Tomaron el rumbo de la
carretera de salida a Trujillo. Yo me detuve ya sin seguirlos. Dos cuadras
más allá atronó el ruido del motor de una camioneta estacionada y se
reflejaron chispeantes las luces de peligro. Vi que mi padre decía adiós
con la mano cuando el vehículo partió, desapareciendo en la noche.
Un rato estuvo ahí de pie,
detenido y cabizbajo con su guitarra en la mano.

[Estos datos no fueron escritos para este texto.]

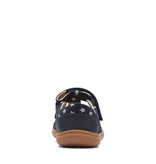 Clarks Flash Mouse Navy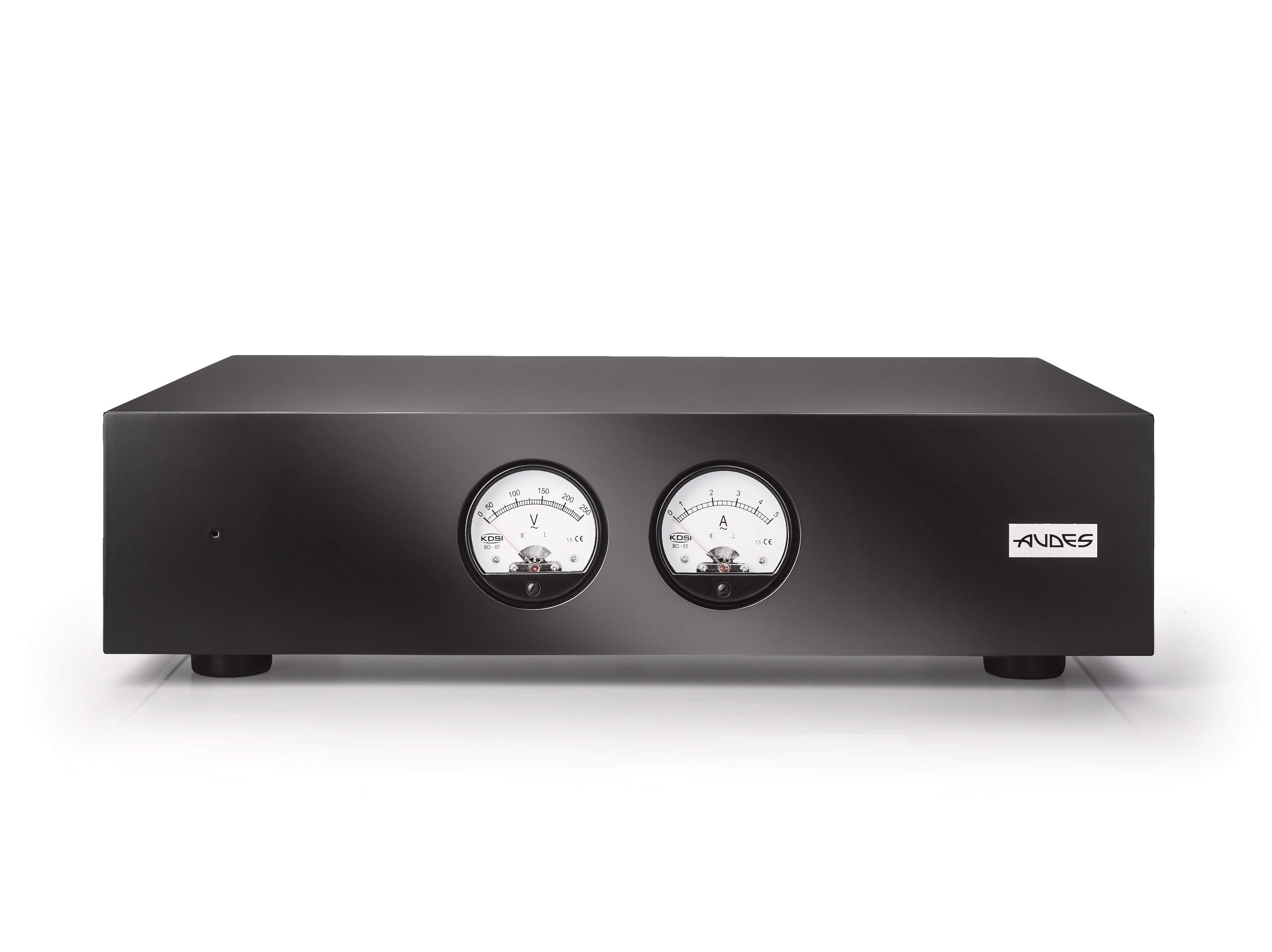 Audes ST 900 DC Power Conditioner (für 5 Endgeräte)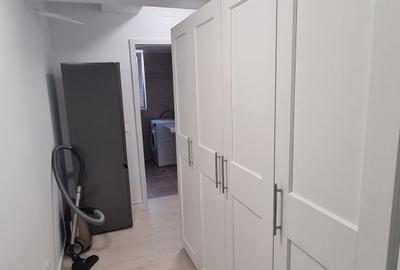 Garsonieră decomandată în Uverturii - 8
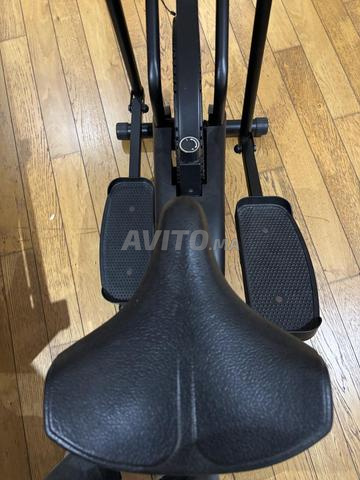 Vélo elliptique en bon état - 2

Yo caminé de regreso hacia la casa.
En la oscuridad de mi
cuarto volvía a escuchar esas notas apasionadas.
Sentía el amor como una
brasa restallante, como un borbotón y ahogo en la sangre. Las distancias
que se abrían, haciendo una llanura o un desierto por donde galopa un
jinete conmovido en un caballo desvelado.
Sentí lo que es renuncia. Sentí lo que es no eludir un destino. ¿Adónde
iba? ¿Qué otros motivos pueden ser más poderosos para arrancarse del pecho
lo que se ama?
Largo rato estuve tendido sobre mi cama, sin poder dormir, viendo cómo se
pintaba la luz del alba en la ventana.